Connie's bleeding slowed down, but his crit continued to drop some, indicating that the bleeding was still going on, just that the chest tube had clotted. He has been given a total of 4 units since coming up to the ICU and has orders for more today. His numbers all look great except for his crit, but the x-ray was very telling this morning. His left side looks terrible so they ordered a left chest tube to be put in and he will be having a fogerty (sp?) procedure done to try to unclot the mediastinal chest tube. The surgical resident feels like this will be the help he needs to get moving in the right direction. Once he relieves some of his pressure on the left side, his bp should come back down (it's been slowly creeping up all night). They are keeping his minimal pressure support (dopa at 6) until he's proven himself after the procedure. Sedation-wise, he's stayed relatively stable overnight. He's had PRN's of morphine and ativan and had to have a little versed during x-ray and weighing and rounds due to being messed with so much. He started arching his back and looked like he was crying. Of course you can't hear anything when he's intubated. It only lasted 10 or 15 seconds and then he was restful again after the versed. He seems to like the dex. I'm so glad we found something he does well with instead of a constant battle to keep him settled. At least with him settled, we can focus on the bleeding and drainage. He's been given so much fluid that his feet especially are starting to balloon so they will start Lasix today Q6.
So, if he can get his pressure down a bit after they insert that left chest tube and unclog the middle one, they may try some sprints off the vent and eventually extubate later today. It really depends on what happens with this bleeding.

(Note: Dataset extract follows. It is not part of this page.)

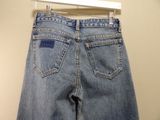 jeans hanging on a hanger on a wall in a room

One new bit of information I learned during rounds was that during his TEE yesterday (the echo they do in the OR after the operation) they noted that he has LV function is "severely depressed". What?! Why did I not know that before. The resident on this morning explained that they think it is just an issue due to all the "monkeying around in there" yesterday and thinks that if they were to do one even now they would see that improved. He said Connie is not acting like a kid with a severely depressed LV and he's showing them he's fine through his numbers and the minimal amount of support he's on. That's somewhat reassuring, but I don't think I'll really feel better until I hear words like we did on Monday telling me that his LV function had been preserved and looked great.
Prayer focus for today needs to continue to ask God to help with this fluid issue, mainly blood loss, and that his LV will kick back in and recover fully from this operation. Also, please ask God to give me patience as I'm in such a rush to extubate him so that he can start waking up and show us that he's okay.
We've had great nurses and are so thankful for all their help. They really do a great job taking care of the sickest kids in the world. There are 21 PCTU patients right now and only 15 beds. They have kids in PICU and NICU and all over the place b/c they just don't have room for all the cardiac kids in one place. Tawnya, it was Kelli V. and yesterday was her last day. She's moving to Cali to go to NP school and be with her boyfriend, the CT surgeon. There's been some turnover here, but most everyone remembers us and that has been comforting.